Installations > You + Me

The relationship between nature and humans is alive, evolving like a complex organism. As an artist I try to name, define, and shape this connection through painting and installation. In “You and Me”, I turn inwards to explore my personal ties to the natural world - how it has impacted and defined me, and why I am drawn to certain subjects. In this installation I use a variety of media to tease out these connections - painting, drawing, painted forms, metal leaves, and found objects.

Over the past few years I have approached the language of paint by asking: what can painting do that only painting can do? Thinking in terms of expansion and contraction, I want paint to move and breathe through its application and color relationships. The fields of mark-making explore artificial depth and spatially collapse on the two-dimensional surface.

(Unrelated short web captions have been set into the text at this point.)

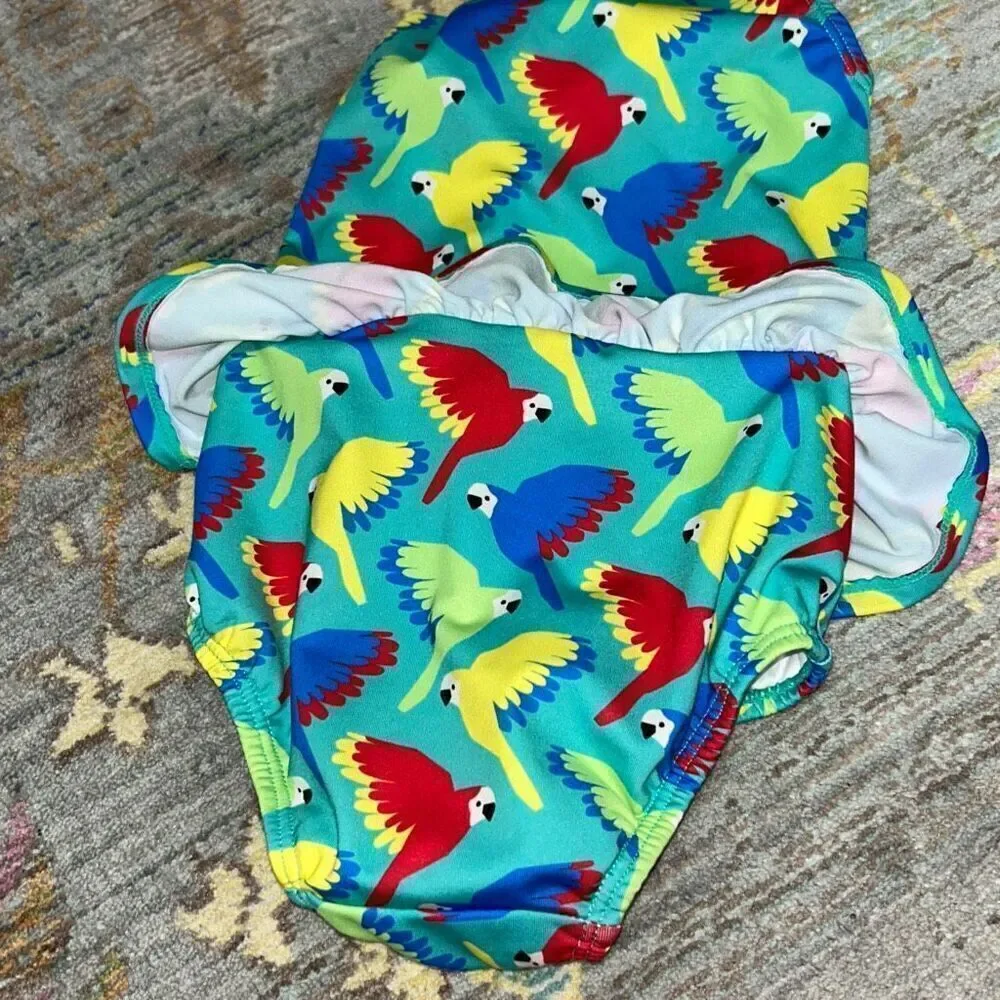 Frugi parrot swimsuit girls sz 2/3
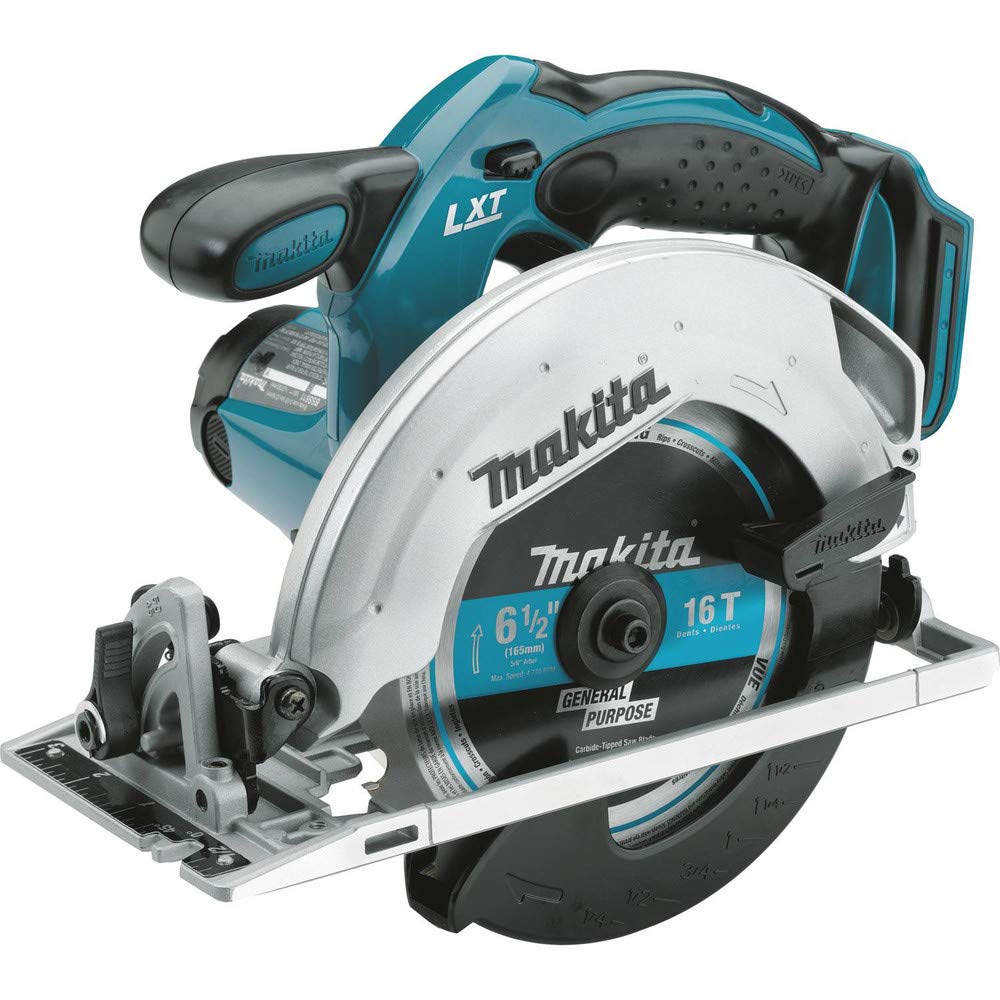 Makita XSS02Z 18V LXT Lithium-Ion Cordless Circular Saw, 6-1/2-Inch, Tool Only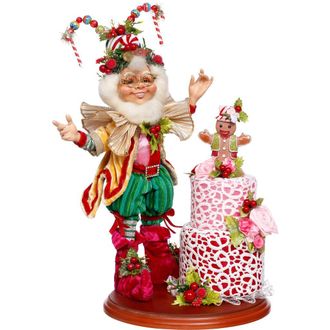 Mark Roberts Candied Cake Elf Scene in Red at Nordstrom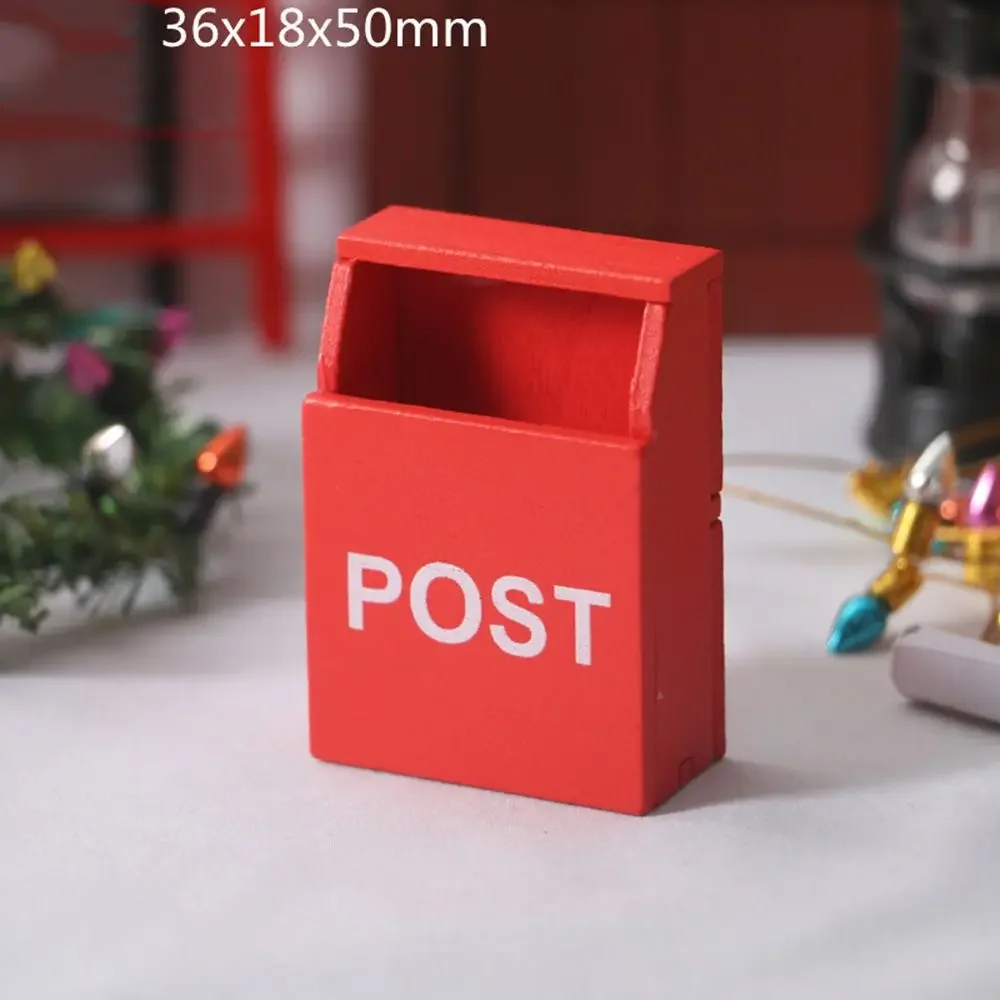 อุปกรณ์ตกแต่งตุ๊กตาจิ๋ว งานฝีมือ กล่องจดหมายจิ๋ว ของตกแต่งคริสต์มาส ประตูไม้จำลอง บันไดจำลอง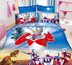 Bộ đồ giường Cartoon Captain America Duvet Quilt Boy Ba mảnh Avengers Four-Piece Sheet Iron Man Bộ đồ giường bốn mảnh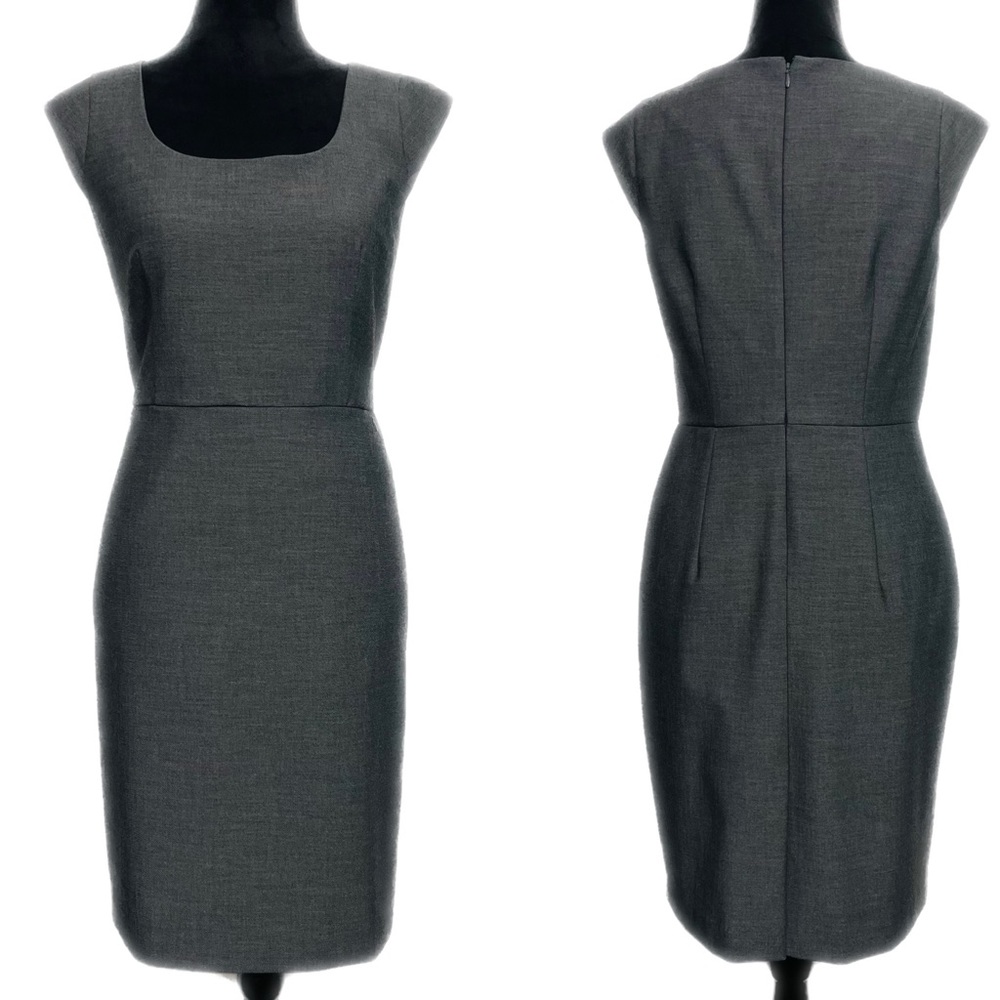 Ann Taylor Gray Midi Dress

In the sculptural paintings, the paint becomes an object. These pieces are created in a process that feels more closely linked to drawing. I use a cake icing tool to squeeze paint into forms which I later rearrange to create new meaning.

The black and white drawings explore my more personal relationship to nature, many of which were made as a result of two recent residencies in the Great Smoky Mountain National Park. The opportunity to be a solo observer in a heavily touristed park led to deeper reflections about how I personally relate to nature. During the Manoog Family Artist-in-residency I was able to flesh out these observations with materials that bridge industrial remnants to paint and organic matter, especially through the use of plasma cutters in the sheet metal fabrication shop.

The spectrum between natural and man-made is explored throughout my work - from the paintings to the metal, lights and faux fur in the installations. We are the materialized consciousness of the natural world and my work seeks to find meaning in the experience of art and nature.